Steps 1-5 are executed from the root directory of this repository; Steps i-iii are executed in the directory online/.

Tip

In the remainder of this README you find more details on the content of this repository, options for running experiments, and for understanding and plotting the output files. Also refer to the detailed description in this README if you run into any problems with this quick guide.

A data assimilation system with PDAF

Model overview

  • Two state variables: fieldA and fieldB
  • Domain: Two-dimensional rectangular in x- and y-direction
  • Dynamics: shift in positive y-direction
  • Parallelization: domain decomposition in x-direction using MPI
  • Simpler related variants are available in the PDAF tutorials: https://pdaf.awi.de/trac/wiki/PdafTutorial

Reference setup

  • Domain: 18x36 grid points
  • Initial condition: sine wave
  • Truth: initial condition rotated by 45 degrees
  • Ensemble initialization options:
    • Read ensemble files directly
    • Replace the ensemble mean using the mean state of 20 ensemble files
    • Use second-order exact sampling from a covariance matrix file
  • Example ensemble construction:
    • fieldA: rotated sine waves with varying wavelength
    • fieldB: shifts anaglous to the model dynamics

Implementation highlights

  • Structure: resemble larger applications such as FESOM or NEMO
  • State vector handling: flexible handling of multiple fields in the state vector
  • I/O: netCDF for model and observation data
  • File operations: flexible approach for model- and observation-specific information

Coupling modes

Online Offline
DA code extends the model build separate from the model
Makefile model compiles the PDAF user code
but PDAF library is linked as external libary
integrated with the PDAF library
Compilation definition independent shared/same with PDAF library

Note

  • The available input files allow running experiments with ensembles up to 20 states and up to 99 time steps.
  • The tutorial model is very simple and without real dynamics.
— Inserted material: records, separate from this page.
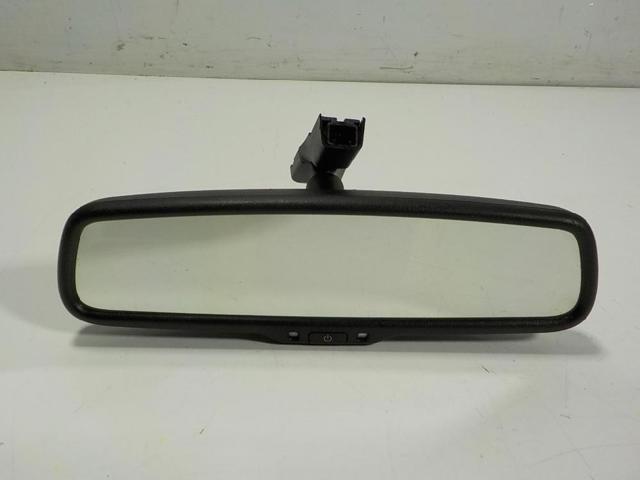 851011D200 Espejo interior comprar Sevilla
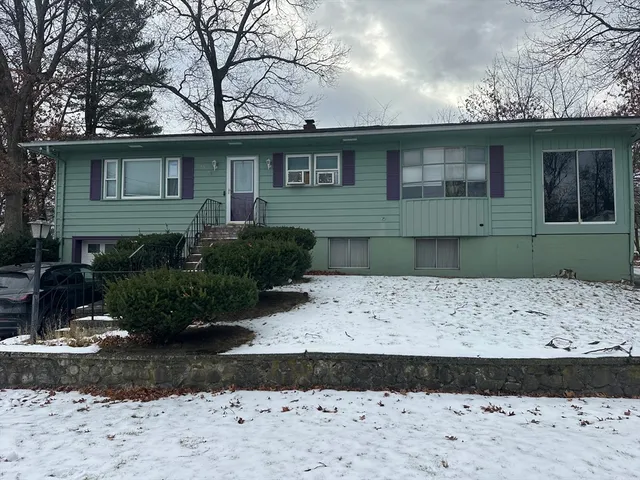 $3,800 | 78 Lorenzo Circle, Methuen, MA 01844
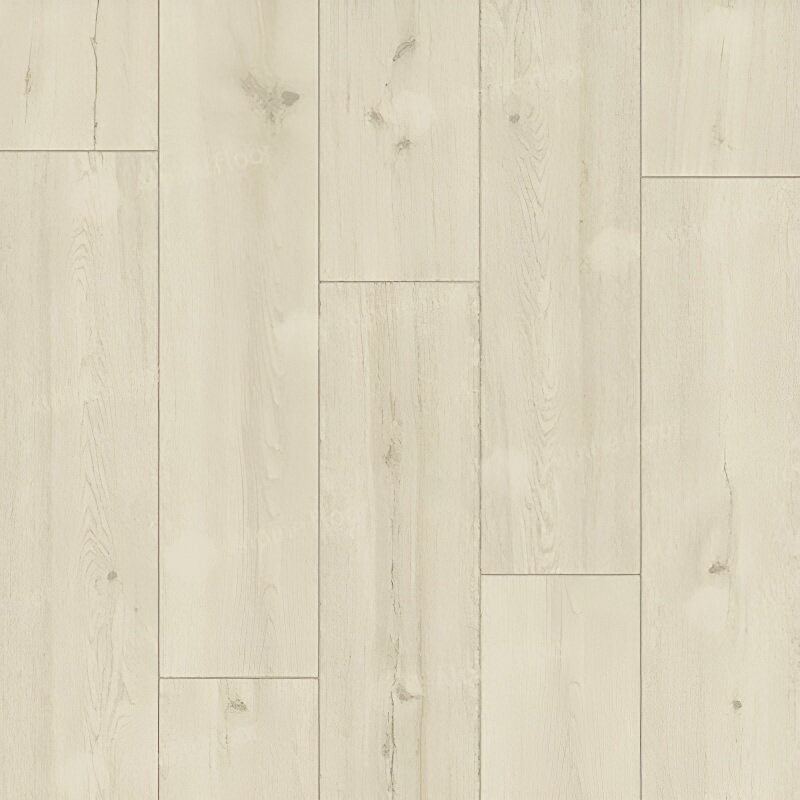 Изображение товара Виниловый ламинат SPC Alpine Floor by Classen ProNature, 62540, планка 24.6 х 129 см, декор Neiva, замковый, 4 мм Изображение товара Виниловый ламинат SPC Alpine Floor by Classen ProNature, 62540, планка 24.6 х 129 см, декор Neiva, замковый, 4 мм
Even though the model uses a 2-dimensional domain, it is practically 1-dimensional (just rotated by 45 degrees). This model allows DA with very small ensembles of at least 3 states. This is far lower than we would use in real cases, but it is useful to perform some experiments on a notebook computer. For real models, one would rather use an ensemble of at least 20 states.
  • The ensemble is generated in a systematic way (by rotating the field for the first model field and shifting for the second), which is artificial but helps to demonstrate some effects, e.g., of the localization.
  • The model does not read restart files. Thus, one cannot perform a realistic sequence of offline analysis steps. Only a single offline analysis step is done for demonstration.

Structure of the example codes

The directories containing the model and coupled model-PDAF codes are the following

  • 2dmodel/ - contains the pure tutorial model without coupling to PDAF
  • offline/ - contains the analysis program for offline-coupled assimilation with PDAF
  • online/ - contains the model with online-coupling to PDAF

There is a Makefile in each directory to compile the program. Each directory contains a subdirectory src/, which contains the source files. For online/, the source code is separated into directories src/, holding the model code, and src_pdaf/ containing the coupling code for PDAF.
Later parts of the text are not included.